Here are the plans for a theoretical piano. It has all the workings of a regular concert grand, but instead of the keys facing the piano like normally, they face directly opposite of the body of the piano. ...
Directly opposite? As in 180 degrees? Don't you mean 90 degrees? Surely a "regular concert grand" would still be in its normal orientation, that is to say with the wavy side facing the audience, and the long straight side (on which the lid hinges are) away from the audience, so that the lid, when up, still reflects the sound towards the audience.
Obviously I realize that this type of piano would be quite costly and would not offer much to a performer other than the ability to face the audience while performing.
Quite so. Cost apart, one needs to ask what real benefit attaches to that ability. I can understand that a performer might wish to face the audience, but can also imagine that he or she might prefer not to (to avoid distraction, for one). Besides, unless playing from memory, the sheet music would be bang in the middle of the player's line of sight to the audience.

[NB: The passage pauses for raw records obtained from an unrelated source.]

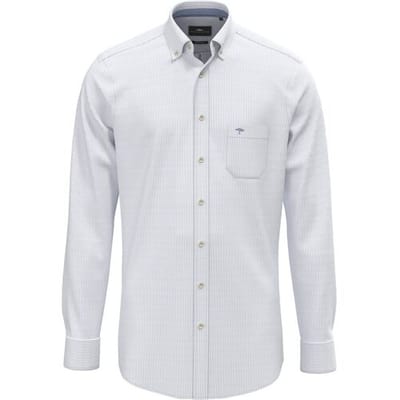 Fynch-Hatton Overhemd Fine Stripe Washed Oxford New Breeze / male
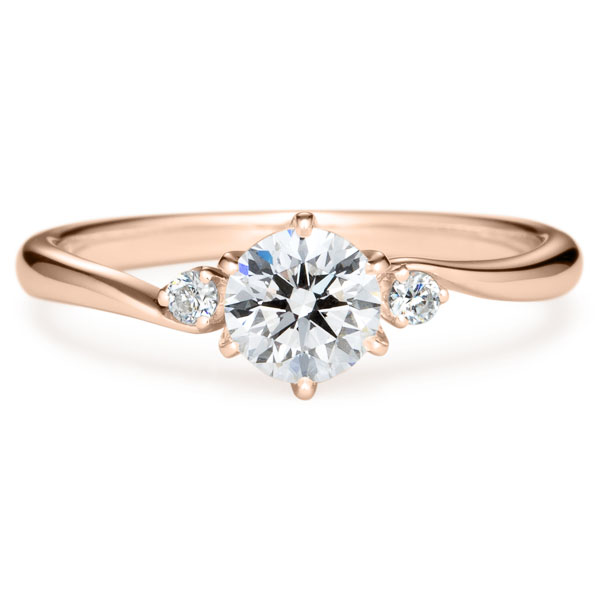 K18PG ミュゼット ダイヤモンド サイドストーン リング 0.5ct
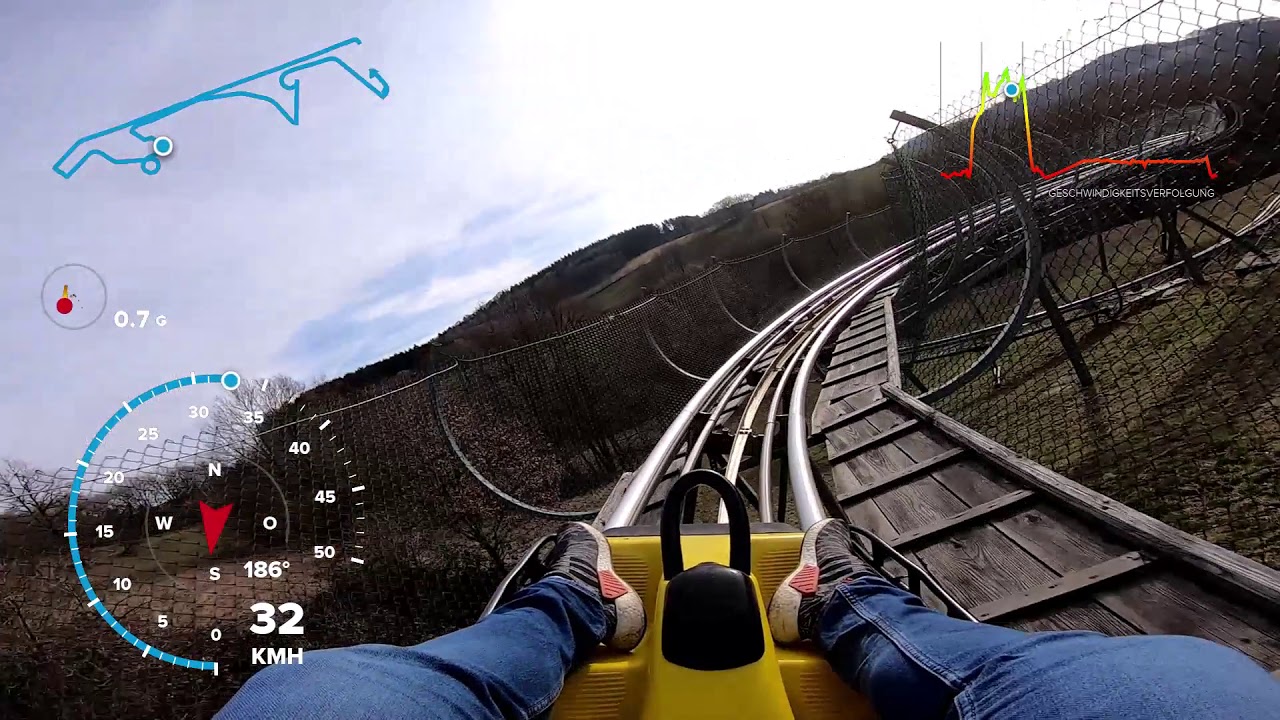 Sommerrodelbahn Wald Michelbach + GPS Anzeige GoPro Hero 7 Black Hypersmooth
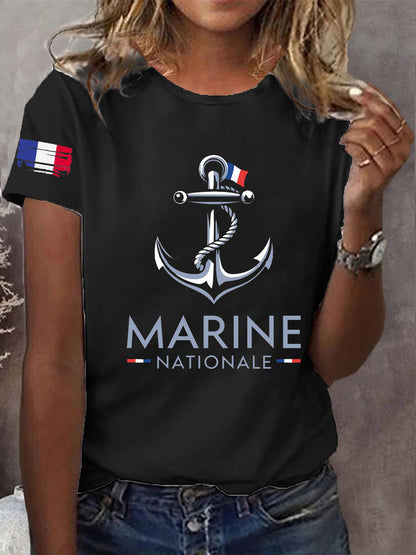 T-shirt à manches courtes Marine Nationale Femme
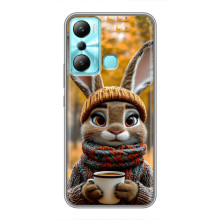 Печатный чехол «Зверята с кофе» для Infinix Hot 20i (X665E) – Зайчик с кофе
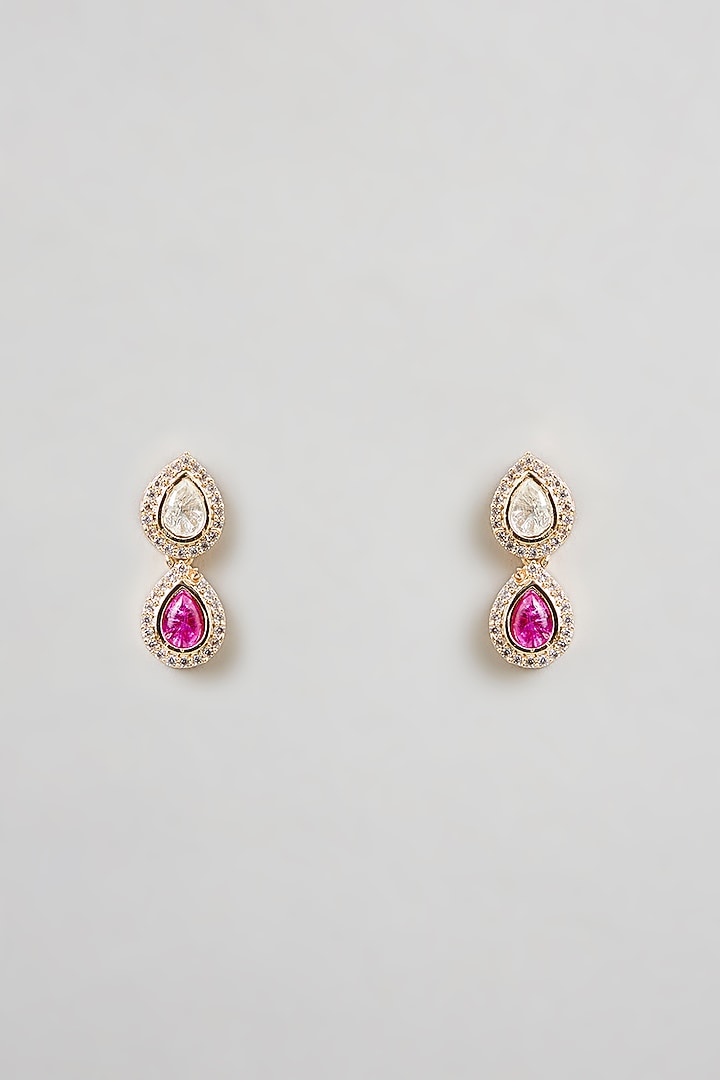 Gold Finish Pink Stone & Cubic Zirconia Necklace Set by Aura Trends at Pernia's Pop Up Shop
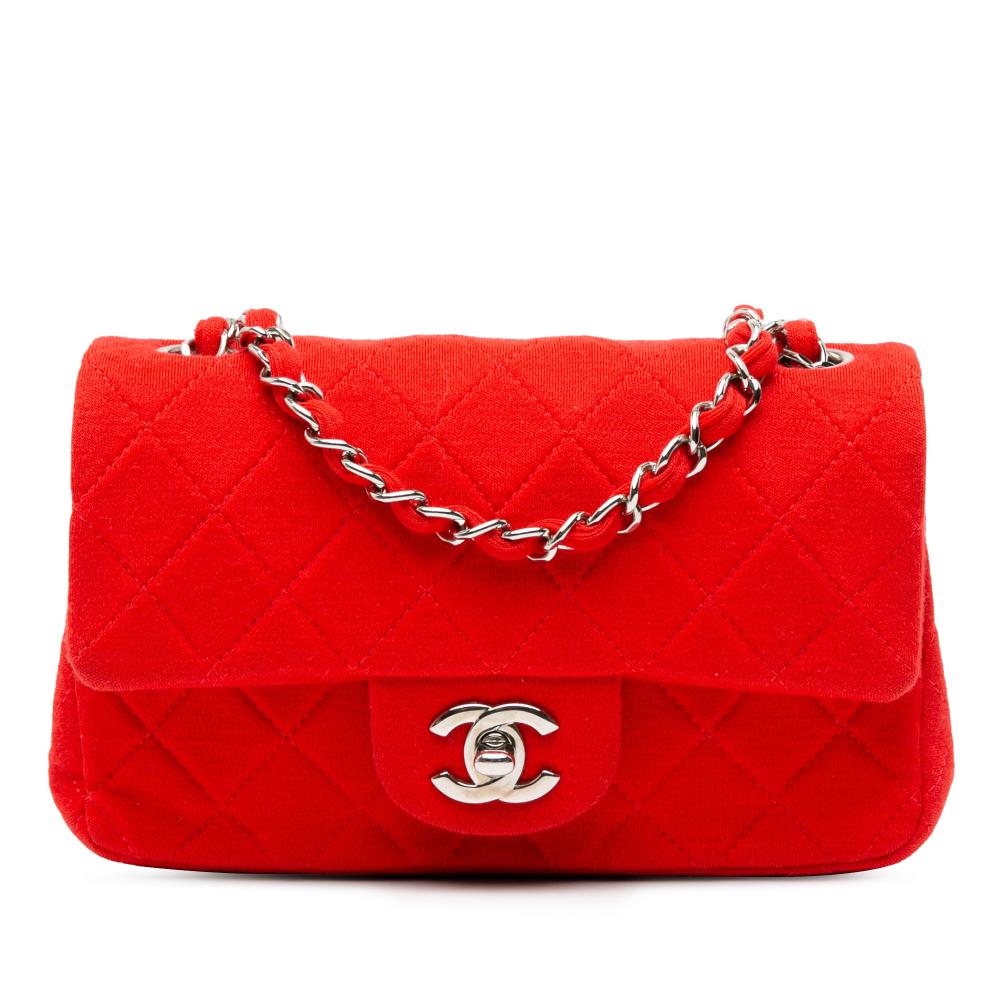 Chanel B Chanel Red Cotton Fabric Mini Rectangular Classic Jersey Single Flap Italy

Tell us one thing about this auxiliary console you envisage, which faces away from the piano. You seem to be saying that wires run straight down from the keys to this tunnel. This seems to imply that this first set of wires will be protected by some sort of enclosure, i.e. the console is opaque and the audience will only be able to see that part of the performer which protrudes over the top of it, i.e. just head and part of the torso, possibly some of the arms as well. That being the case, Is there really enough benefit here over and above simply rotating a normal piano round? Then the performer can still see the audience by looking over the top of the piano. Admittedly, this does have the slight drawback that the lid would need to be removed, which would change the acoustics somewhat.
Of course your scheme is only helpful for solo piano recitals. For concertos or chamber music it is more important that the pianist be able to see the other performers than the audience.